Shorts remain an unconvincing indicator of the sentiment in the cryptocurrency market because the take of analysts on the impact of short contracts on the price of Bitcoin differs quite regularly.
Speaking to CCN, cryptocurrency technical analyst and trader “Hsaka” said that shorts do not necessarily reflect the sentiment of investors in the market.
Generally, in most markets, investors associate shorts with a negative connotation because it demonstrates the predictions of investors that a particular asset or a market will fall in value in the near-term.
However, in the Bitcoin market, a rise in shorts often provide an opportunity for investors to target a short squeeze, wherein short contracts get squeezed out of the market and are forced to acquire Bitcoin at a lower price, pushing the price of the asset even higher.
As such, Hsaka said that shorts are often used by traders to supplement their narrative and as an indicator, it does not portray the future trend of the market.
The trader said:
To be honest, I try not to look at the short or longs narrative too much. It seems like reading tea leaves to me. One can skewer the interpretation to fit his or her own bias.
We’ve seen this happen a lot of times before. Shorts breach ATH, everyone starts talking about a mega squeeze causing a massive BTC pump. The pump never arrives and shorts gradually normalise.
The increase in short contracts may have been caused by the growing uncertainty in the short-term performance of Bitcoin.

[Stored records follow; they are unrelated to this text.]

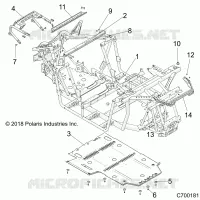 CHASSIS, MARCO PRINCIPAL AND SKID PLATE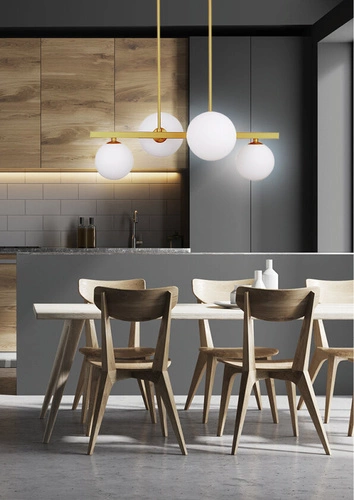 Lampa wisząca Kama biało-mosiężna 4-punktowa do salonu i jadalni nowoczesna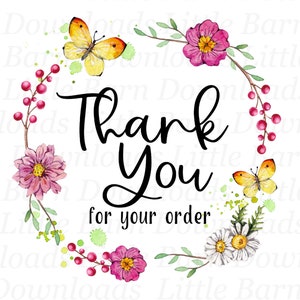 Floral Thank You PNG: Butterfly Clipart, Sublimation Graphics (Digital Download)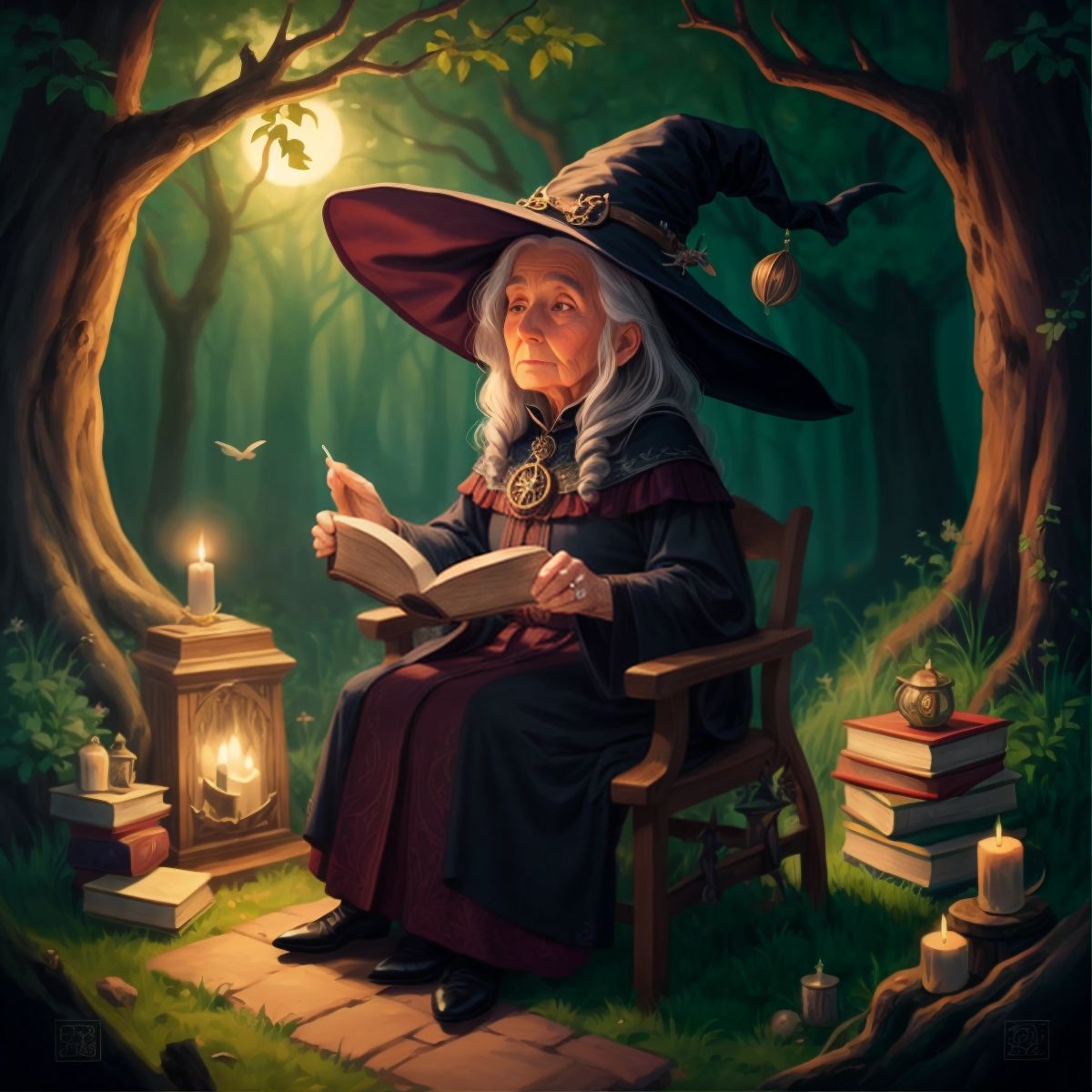 A wise old witch, sharing stories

In previous instances wherein BTC experienced an extended period of stability, it recorded a large drop in price.
In November, for instance, following months of stability in the $6,000 region, BTC rapidly plunged to $3,000, eventually achieving a yearly low at $3,122 in December.
Tokens and alternative cryptocurrencies have seen record single-day gains in recent weeks, with tokens in the likes of IXEC RLC and Zcoin recording gains in the range of 40 to 70 percent against both Bitcoin and the U.S. dollar.
As the dominant cryptocurrency, Bitcoin still represents the macro landscape of the cryptocurrency market and according to Satoshi, MBA, a cryptocurrency analyst, alternative cryptocurrencies could fall rapidly in value if BTC fails to test key resistance levels above $4,000.
If Bitcoin does manage to regain momentum and initiate large upside movements, the analyst said that the rapid price movements of alternative cryptocurrencies will continue.
“Very bullish on alternative cryptocurrencies today, many breaking out of months long falling wedge patterns. But what I’m watching carefully is what Bitcoin does when it confronts the year+ long resistance trend line. If we break out, the real alt season begins. If not, the alternative cryptocurrency party ends,” the analyst explained.